I also run a monthly online get-together, which is branded in alignment with the consultancy. It’s basically still me though.

Am pretty sure that all my customers have used my services because they thought that Dave might be able to help them out. They almost certainly didn’t think that Localise was the company they needed as their transformation partner, or anything like that. People are hiring me, not my company.

I clearly need a company, and having one that gives the impression of being a proper organisation, rather than just a bloke in a shed in Norfolk, is probably helpful for giving people confidence and making conversations about IR35 a bit easier.

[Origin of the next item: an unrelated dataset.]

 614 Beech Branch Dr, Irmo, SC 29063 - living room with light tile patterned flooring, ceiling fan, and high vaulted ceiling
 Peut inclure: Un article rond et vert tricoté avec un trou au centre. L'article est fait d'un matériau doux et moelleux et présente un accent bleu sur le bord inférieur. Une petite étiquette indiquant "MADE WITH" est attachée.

But I have really struggled to do anything useful with the Localise website, despite having very good intentions. On this blog, though, which is very much my own authentic voice, things have been going great, and newslettering is far easier these days as a result.

I’ve always admired those people who make their living from their websites – Ben Thompson springs to mind, Ed Zitron is another (but there are many more – and in these days of Patreon and Substack, it’s more possible than ever. I would love to do that, but I think my niche is too niche for that, and I am not remotely convinced than the content I share is worth paying for. It works, though, as a form of marketing – the only form I use.

So what am I wittering about? I suppose it’s whether I ought to just carry on as I am, with a hotch-potch approach to ‘branding’ – doing some things as me, some as Localise, and some as both?

Or should I double down on one of these – accept my fate, that I won’t ever build a multinational consulting empire, and focus everything on doing things in my name, maintaining a cursory online presence for the company for appearances?

And what else could or should I do with that personal brand? Ought I be wrangling the blog audience, the newsletter, the online meet-ups into something more tangible and joined up? Ought I start a podcast, or courses, or do some other form of content creation that people might actually value enough to pay for?

Or simply leave it all as a fairly shambolic bunch of loosely joined small pieces, accepting the messiness, and being grateful to be able to make a living doing what I know works, rather than tilting at a Ben Thompson or Ed Zitron shaped windmill?